This is a tactful way of saying we did not try all the restaurants at Aulani. As frequent visitors to both Maui and Disney World where prices can be high, we were taken aback by the  by the food prices. We ate at Makahiki once. The Makahiki dinner buffet is $43 and the beachfront Ama AMA restaurant has entrees in the $30-80 range. The food was fair and our dinner was accompanied by several pre-schoolers intent on re-enacting the Battle of Midway. Menus can be viewed online at a number of sites. Personally, we enjoy Starwood properties that have well-maintained onsite barbecues. I was told by a DVC staffer that the resort will install electric barbecues when the Ewa Tower DVC room are completed. 

If Aulani is your sole target for a Hawaiian vacation, a car is a must. Shuttles from the airport run about $70 each way. Parking at the resort is $35 per day (free for DVC members using points for their stay.) An Alamo car rental is onsite. Some people rent a car on a daily basis on the resort and avoid the parking charge. A day long shopping tour into Honolulu is a featured activity that the resort offers. The bus travels to a few big malls including the Ala Moana Mall near Waikiki; the cost is $30 per person for a day of shopping. There is a strong draw here for tourists from Japan, a demographic to which Disney is aiming a great deal of marketing. Signage around the resort is in both English and Japanese.

Staying at Aulani is not cheap. Rates for standard rooms, ocean view, is about $400 per night that adds up to about $3,500 a week with taxes. A studio like ours runs about $600 per night. We were lucky; we used points for a pool view room and, while we are on the lobby or 3rd floor, we still see the ocean as well as parts of the Waikolohe stream and children's water play area.

Having stayed at many Disney resorts in the US, Asia, and Europe, this resort ranks in the top tier. And in Aulani Disney has found a surefire ticket to providing a quality vacation experience that does not require a theme park.


----------



## slum808

Wow now that's a detailed review. Thanks for sharing.


----------



## a1000monkeys

Thanks for the review.  We'll be there in 17 more days.  Can't wait!


----------



## Amy

Dsauer said:


> And, thank goodness, there is a policy against "towel on the lounge chair" saving of pool chairs. Items are removed after an hour of non-use. The message: use the chair or use it.

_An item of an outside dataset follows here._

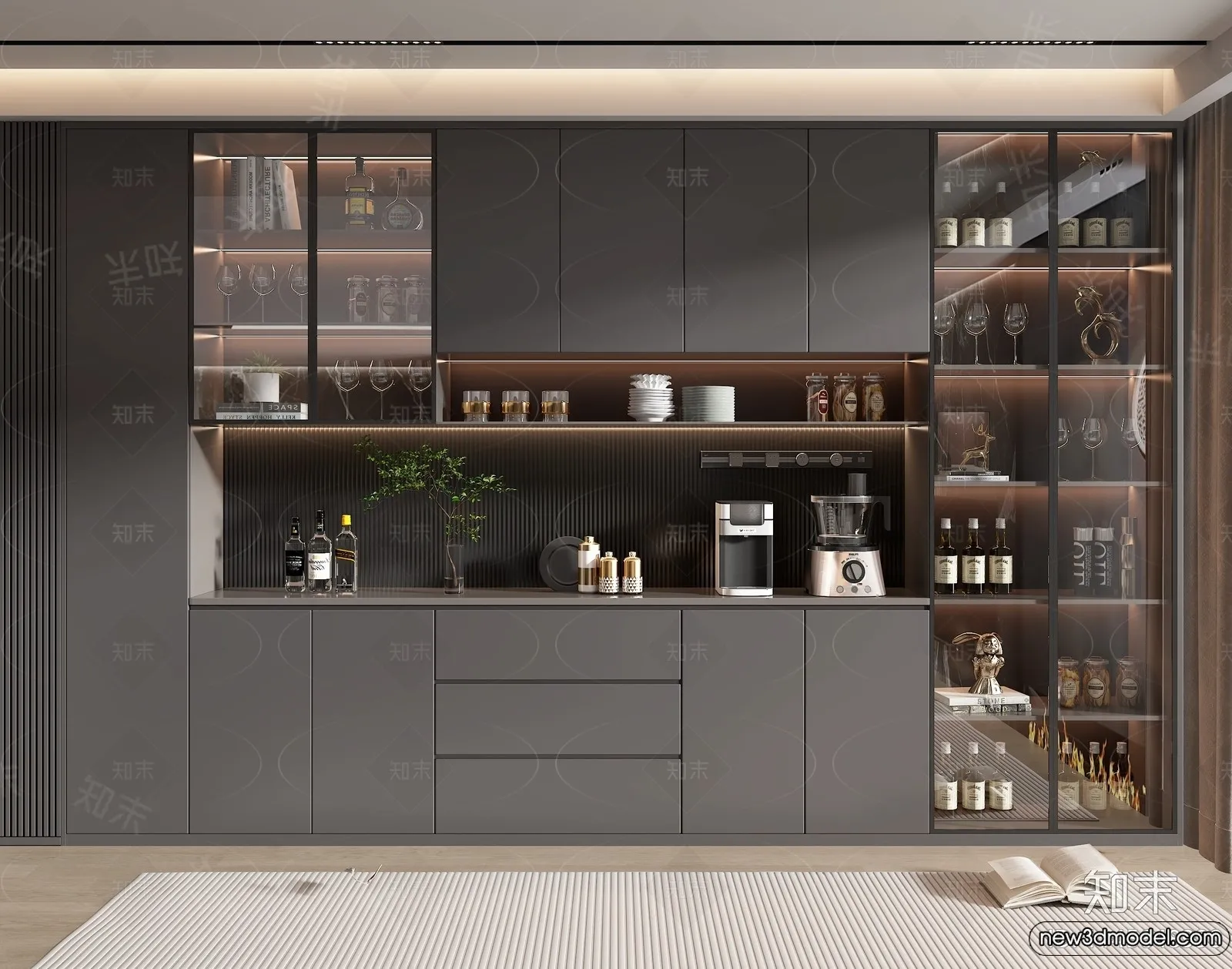 Wine Cabinet 3D Models - 3D Furniture for Interior Design - 088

Thanks for the review.  Did you actually observe staff enforce this rule?


----------



## Dsauer1

Amy said:


> Thanks for the review.  Did you actually observe staff enforce this rule?

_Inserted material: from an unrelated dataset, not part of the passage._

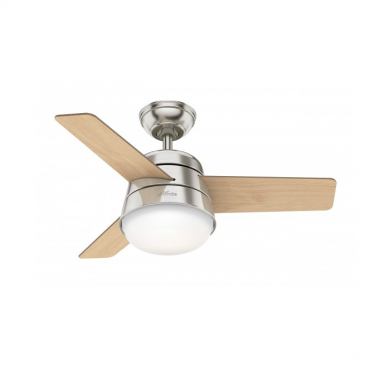 Ventilateur Plafond Finley 91cm Chrome Noyer Bois Naturel HUNTER 50643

Yes, we saw pool staff removing unused towels on chairs that were placed there. The sign by the towel check out area also mentioned that getting to the pool area early was one way of enduring a chair. There are literally hundreds of chairs around this massive facility. What will happen when the Eastern Ewa tower of DVC rooms opens is anyone's guess. It was crowded in January when 2/3 complete; imagine Spring Break and a completed resort.
We are glad we went when we did.


----------



## slum808

We recently completed a trip to Aualani and I filled out their survey form online. One of the things I mentioned were the lounge chairs. One of the problems is a lack of space to store your things. We don't use louge chairs to sit in, but we do use one to place my shirt, slippers, towel, hat, and sunglasses when we go into the pool. I hate to take up a chair for that, but there is no where else to store your things. If they had cubbie holes close by, I would use that, but they don't.


----------



## Dsauer1

slum808 said:


> We recently completed a trip to Aualani and I filled out their survey form online. One of the things I mentioned were the lounge chairs. One of the problems is a lack of space to store your things. We don't use louge chairs to sit in, but we do use one to place my shirt, slippers, towel, hat, and sunglasses when we go into the pool. I hate to take up a chair for that, but there is no where else to store your things. If they had cubbie holes close by, I would use that, but they don't.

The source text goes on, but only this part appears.